Perundingan paling alot terjadi pada agenda pertanian. Dimotori India,
kelompok G-33 yang dipimpin Indonesia mendesakkan penaikan subsidi
pertanian, dari 10 menjadi 15 persen tanpa batas waktu. Sekitar 40 persen
dari 1,2 miliar penduduk India bekerja di pertanian dan terancam kelaparan.
India berkepentingan menjamin hak pangan warga tanpa diatur-atur WTO.
Dimotori
AS, negara-negara maju menentang India. Argumennya, subsidi untuk
memperkuat cadangan pangan mendistorsi pasar bila merembes. Usul India
akhirnya disetujui menjadi bagian Paket Bali dengan peace clause 4 tahun. Setelah itu dijanjikan ada solusi
permanen. Pertanyaannya, benarkah negara berkembang diuntungkan Paket Bali?

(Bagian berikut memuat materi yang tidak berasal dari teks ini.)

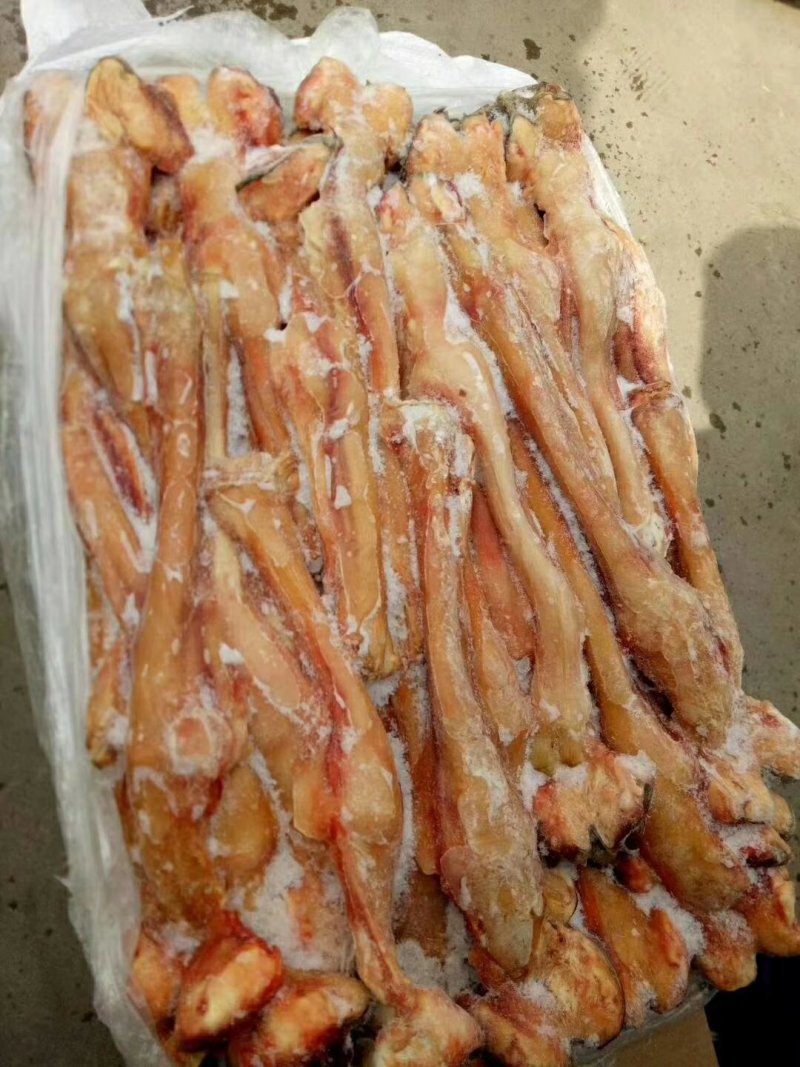 驴副产品批发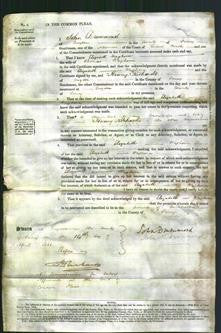 Court of Common Pleas - Elizabeth Waghorn-Original Ancestry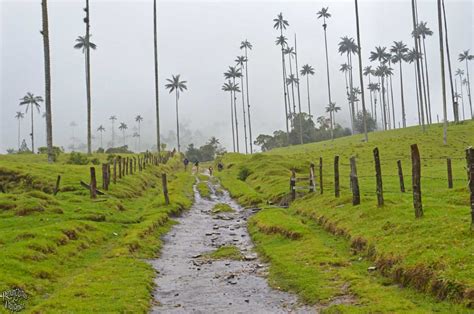 Valle del Cocora: la cuna de la Palma de Cera - Renunciamos y Viajamos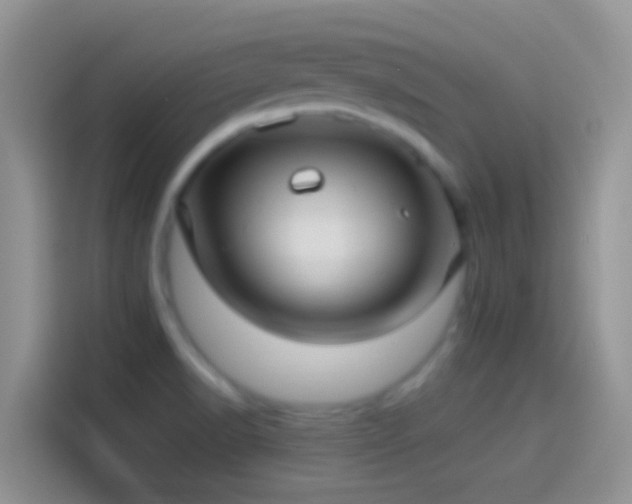 X0000114121518200910131352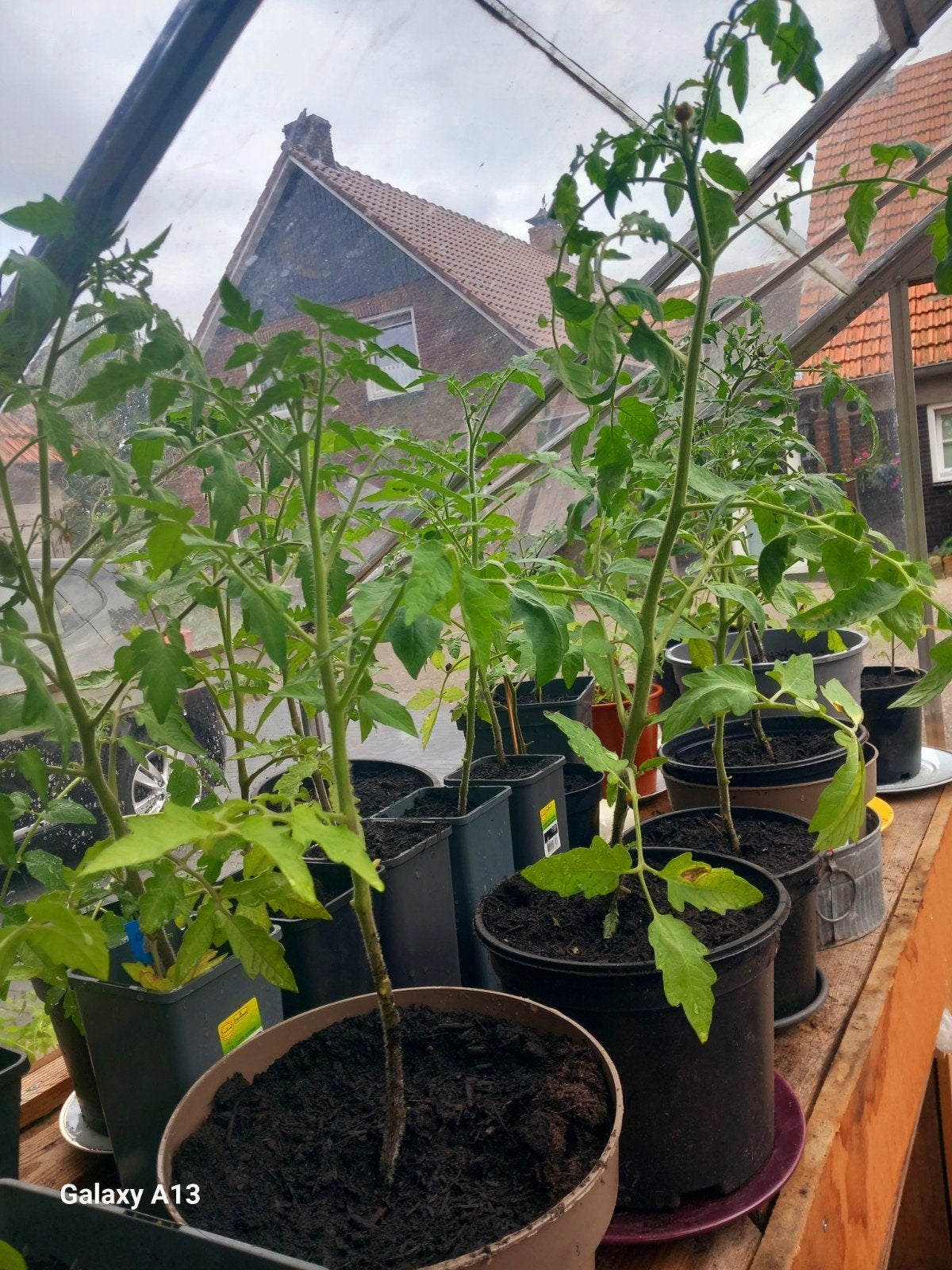 Grote biologische Tomaten- en Paprikaplanten te koop, Volle zon, Groenteplanten, Eenjarig, Ophalen of Verzenden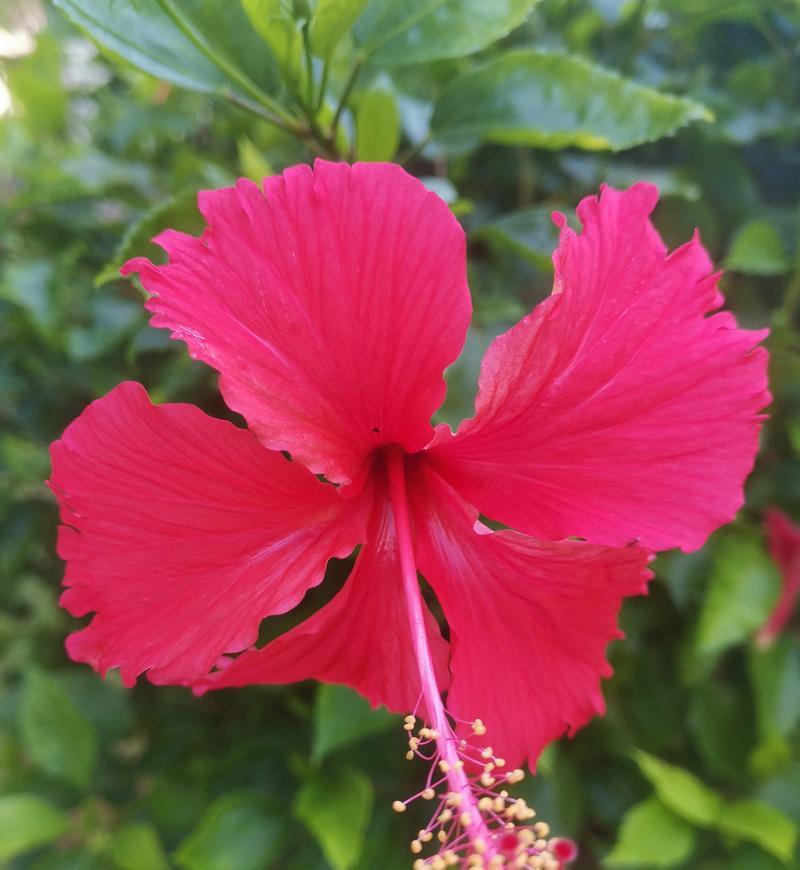 以扶桑花开败（探索扶桑花修剪的方法与技术，助您打造独一无二的花园景观）
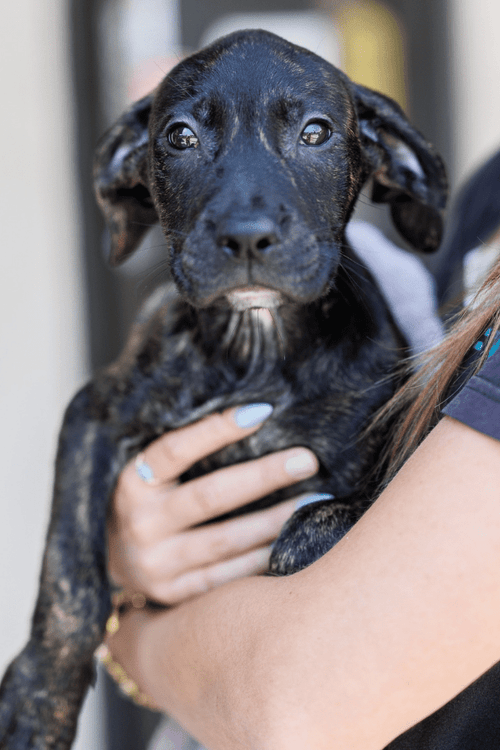 San Diego Humane Emergency Supplies (ALL PROFIT DONATED)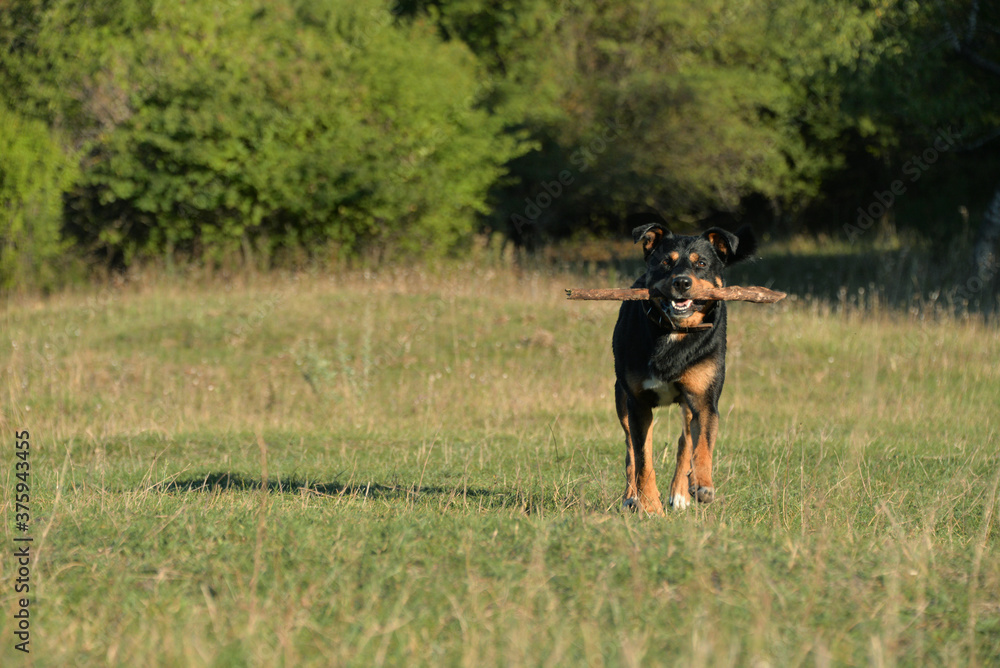 On self-isolation, you can walk your dog in the Park on a hot autumn day. The dog runs merrily for sticks. On self-isolation, you can walk your dog in the Park on a hot autumn day. The dog runs merrily for sticks.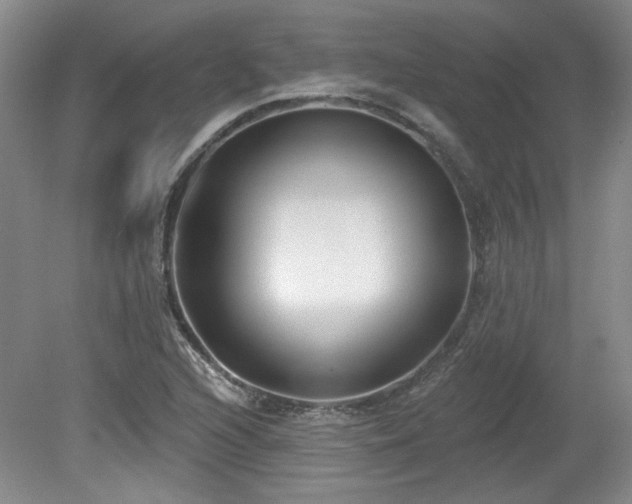 X0000080181216200612081352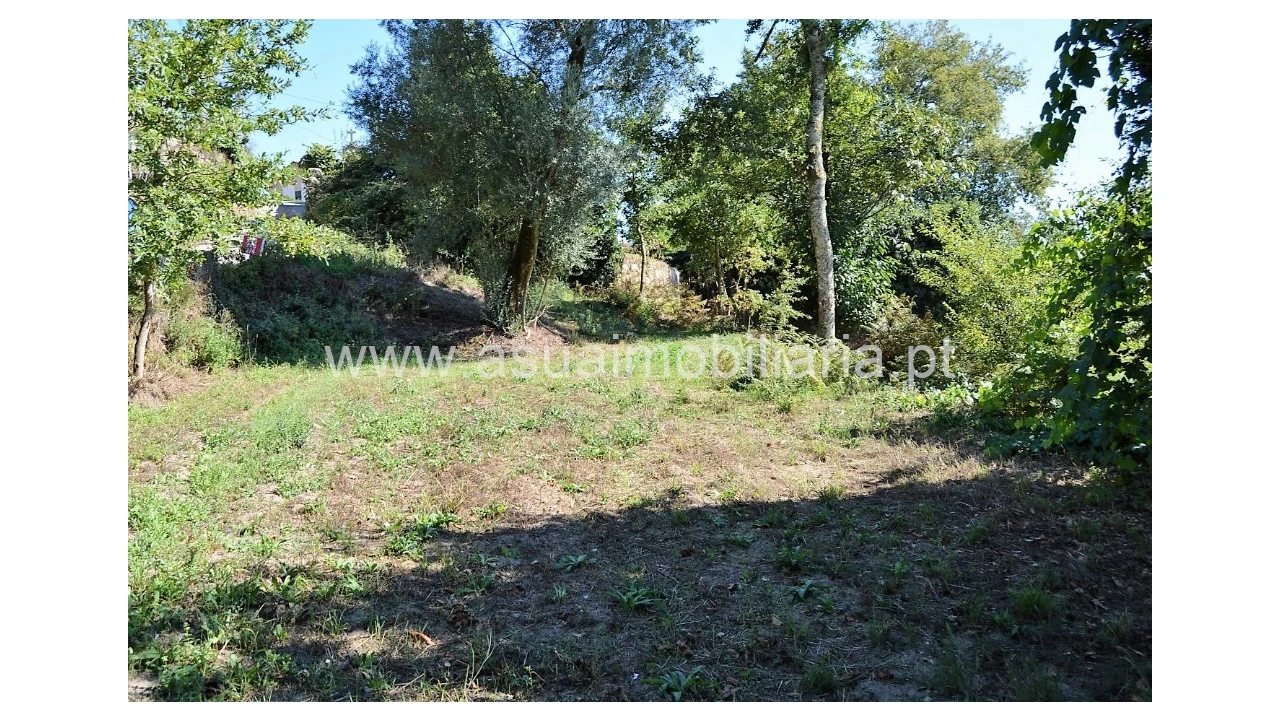 Terreno para Venda em Fiscal Foto 4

Benarkah Paket Bali mencerminkan free
and fair trade seperti diyakini Susilo Bambang Yudhoyono? Bisakah
negara berkembang memanfaatkan US$ 1 triliun yang didorong perdagangan
dunia?
Paket
Bali sejatinya tidak mengubah apa-apa. Negara maju tetap pada wajahnya yang
lama: banyak menuntut tapi pelit memberi. Pertama, peace clause 4 tahun
sejatinya hanyalah omong kosong. Karena hasil negosiasi dengan tenggat 4
tahun itu telah ditukar (trade off)
dengan fasilitas perdagangan yang akan meliberalisasi secara luas pasar di
negara–negara berkembang. Lagi pula, skema peace clause hanya berlaku untuk cadangan pangan, bukan untuk
yang lain. Janji solusi permanen juga tak jelas bagaimana wujudnya dan
kapan akan diberlakukan? Boleh jadi, empat tahun lagi negara maju berganti
taktik.
Kedua,
Paket Bali mencerminkan tetap berlanjutnya diskriminasi. Menurut WTO,
dengan mengamini argumen AS, subsidi guna memperkuat cadangan pangan
mendistorsi perdagangan. Di lain pihak, subsidi pangan dan pertanian di
negara-negara maju tetap dibolehkan oleh WTO. Ini tecermin dari tetap
dilegalkannya subsidi ekspor dan dukungan domestik yang oleh WTO dimasukkan
dalam green box, blue box, dan de minimis.
Ketiga,
inti Paket Bali tetap berfokus pada akses pasar (market access). Ini tecermin dari disetujuinya poin-poin dalam
fasilitas perdagangan. Isu ini memang eksklusif milik negara-negara maju.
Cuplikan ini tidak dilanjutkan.